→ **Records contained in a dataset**

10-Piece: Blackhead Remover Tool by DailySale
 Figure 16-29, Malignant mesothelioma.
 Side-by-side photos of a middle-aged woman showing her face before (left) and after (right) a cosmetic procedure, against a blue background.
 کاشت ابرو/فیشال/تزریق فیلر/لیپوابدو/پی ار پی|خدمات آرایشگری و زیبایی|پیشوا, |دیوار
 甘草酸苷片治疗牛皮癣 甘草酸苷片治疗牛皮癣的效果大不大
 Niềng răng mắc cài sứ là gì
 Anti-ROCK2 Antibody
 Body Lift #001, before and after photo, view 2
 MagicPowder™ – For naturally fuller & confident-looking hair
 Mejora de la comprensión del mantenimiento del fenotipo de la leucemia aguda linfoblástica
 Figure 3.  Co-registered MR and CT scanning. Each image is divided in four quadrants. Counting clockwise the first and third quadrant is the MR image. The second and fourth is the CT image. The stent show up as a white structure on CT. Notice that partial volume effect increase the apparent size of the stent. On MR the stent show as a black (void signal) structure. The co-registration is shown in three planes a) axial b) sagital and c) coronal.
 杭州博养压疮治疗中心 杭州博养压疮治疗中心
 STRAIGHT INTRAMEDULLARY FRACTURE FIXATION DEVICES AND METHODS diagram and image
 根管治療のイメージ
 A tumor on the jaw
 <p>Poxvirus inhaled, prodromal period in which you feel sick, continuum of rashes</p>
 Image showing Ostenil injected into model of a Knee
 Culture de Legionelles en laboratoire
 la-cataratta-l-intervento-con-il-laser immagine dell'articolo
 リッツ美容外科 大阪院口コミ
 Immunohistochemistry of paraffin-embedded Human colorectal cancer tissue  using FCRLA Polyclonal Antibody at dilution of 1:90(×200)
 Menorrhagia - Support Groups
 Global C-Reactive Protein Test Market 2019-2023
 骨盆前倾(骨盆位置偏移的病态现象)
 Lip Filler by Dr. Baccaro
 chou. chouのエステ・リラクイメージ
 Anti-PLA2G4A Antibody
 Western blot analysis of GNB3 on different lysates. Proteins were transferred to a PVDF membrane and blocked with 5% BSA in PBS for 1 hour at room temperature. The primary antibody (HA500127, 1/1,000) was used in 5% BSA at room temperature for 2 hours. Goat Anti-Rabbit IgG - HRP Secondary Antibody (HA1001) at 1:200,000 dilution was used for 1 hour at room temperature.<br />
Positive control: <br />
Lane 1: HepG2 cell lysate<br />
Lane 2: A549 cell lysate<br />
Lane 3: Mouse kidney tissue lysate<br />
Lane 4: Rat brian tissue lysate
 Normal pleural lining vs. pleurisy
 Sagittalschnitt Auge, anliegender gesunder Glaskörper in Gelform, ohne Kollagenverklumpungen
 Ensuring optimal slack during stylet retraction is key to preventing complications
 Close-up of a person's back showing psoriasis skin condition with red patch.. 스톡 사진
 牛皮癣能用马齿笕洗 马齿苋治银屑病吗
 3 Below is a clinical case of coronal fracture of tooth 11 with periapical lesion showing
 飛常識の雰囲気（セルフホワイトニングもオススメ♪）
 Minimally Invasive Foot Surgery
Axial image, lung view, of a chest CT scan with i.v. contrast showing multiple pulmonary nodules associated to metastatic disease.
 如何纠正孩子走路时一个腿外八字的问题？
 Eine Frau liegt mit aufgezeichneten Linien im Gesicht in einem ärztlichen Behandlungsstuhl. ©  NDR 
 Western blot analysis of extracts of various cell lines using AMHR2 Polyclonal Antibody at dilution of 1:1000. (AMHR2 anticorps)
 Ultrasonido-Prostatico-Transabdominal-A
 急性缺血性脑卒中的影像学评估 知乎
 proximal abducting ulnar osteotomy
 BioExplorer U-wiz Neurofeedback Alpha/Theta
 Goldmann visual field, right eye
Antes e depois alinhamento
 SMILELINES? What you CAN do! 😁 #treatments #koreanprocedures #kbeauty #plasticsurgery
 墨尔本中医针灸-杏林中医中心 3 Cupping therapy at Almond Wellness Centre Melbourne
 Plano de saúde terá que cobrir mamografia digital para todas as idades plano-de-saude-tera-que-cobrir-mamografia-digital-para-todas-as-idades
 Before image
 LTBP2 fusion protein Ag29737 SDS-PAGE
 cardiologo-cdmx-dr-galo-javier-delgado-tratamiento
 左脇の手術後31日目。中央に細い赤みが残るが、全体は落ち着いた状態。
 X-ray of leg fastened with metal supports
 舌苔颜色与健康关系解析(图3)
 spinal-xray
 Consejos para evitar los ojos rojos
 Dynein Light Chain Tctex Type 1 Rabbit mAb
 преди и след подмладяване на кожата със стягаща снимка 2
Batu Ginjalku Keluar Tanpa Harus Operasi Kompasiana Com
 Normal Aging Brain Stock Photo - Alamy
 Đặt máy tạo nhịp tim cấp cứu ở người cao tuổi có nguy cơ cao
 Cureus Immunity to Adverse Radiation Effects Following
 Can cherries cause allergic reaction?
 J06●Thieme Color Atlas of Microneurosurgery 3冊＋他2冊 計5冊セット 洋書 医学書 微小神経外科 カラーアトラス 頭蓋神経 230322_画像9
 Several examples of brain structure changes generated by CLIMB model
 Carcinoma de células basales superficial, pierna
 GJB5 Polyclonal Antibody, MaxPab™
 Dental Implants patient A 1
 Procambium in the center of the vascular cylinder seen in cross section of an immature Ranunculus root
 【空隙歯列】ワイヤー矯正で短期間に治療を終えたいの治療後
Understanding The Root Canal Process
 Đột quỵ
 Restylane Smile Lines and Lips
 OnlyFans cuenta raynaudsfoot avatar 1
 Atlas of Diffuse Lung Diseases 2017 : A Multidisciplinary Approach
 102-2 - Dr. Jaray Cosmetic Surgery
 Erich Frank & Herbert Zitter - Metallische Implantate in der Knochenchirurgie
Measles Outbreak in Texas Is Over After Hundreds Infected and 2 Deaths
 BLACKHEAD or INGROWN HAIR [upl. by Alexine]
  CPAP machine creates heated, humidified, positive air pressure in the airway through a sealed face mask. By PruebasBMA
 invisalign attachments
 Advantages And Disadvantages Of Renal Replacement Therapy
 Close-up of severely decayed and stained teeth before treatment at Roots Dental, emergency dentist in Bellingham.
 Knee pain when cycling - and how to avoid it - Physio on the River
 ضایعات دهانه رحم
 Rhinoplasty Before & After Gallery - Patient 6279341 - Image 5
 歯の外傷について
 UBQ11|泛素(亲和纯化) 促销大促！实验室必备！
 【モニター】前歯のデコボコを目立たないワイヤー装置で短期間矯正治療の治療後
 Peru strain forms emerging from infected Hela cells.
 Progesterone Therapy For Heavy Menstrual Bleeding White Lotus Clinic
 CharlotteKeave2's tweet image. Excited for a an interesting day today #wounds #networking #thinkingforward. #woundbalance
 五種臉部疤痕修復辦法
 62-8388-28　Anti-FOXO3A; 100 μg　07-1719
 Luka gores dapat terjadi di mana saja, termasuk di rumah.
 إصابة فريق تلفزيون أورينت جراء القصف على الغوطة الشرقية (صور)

→ **Exercise**
Please reproduce, exactly as they appear above, the lines from the line containing "Western blot analysis of GNB3" up to and including the line containing "Ensuring optimal slack".

→ **Answer space**
 Western blot analysis of GNB3 on different lysates. Proteins were transferred to a PVDF membrane and blocked with 5% BSA in PBS for 1 hour at room temperature. The primary antibody (HA500127, 1/1,000) was used in 5% BSA at room temperature for 2 hours. Goat Anti-Rabbit IgG - HRP Secondary Antibody (HA1001) at 1:200,000 dilution was used for 1 hour at room temperature.<br />
Positive control: <br />
Lane 1: HepG2 cell lysate<br />
Lane 2: A549 cell lysate<br />
Lane 3: Mouse kidney tissue lysate<br />
Lane 4: Rat brian tissue lysate
 Normal pleural lining vs. pleurisy
 Sagittalschnitt Auge, anliegender gesunder Glaskörper in Gelform, ohne Kollagenverklumpungen
 Ensuring optimal slack during stylet retraction is key to preventing complications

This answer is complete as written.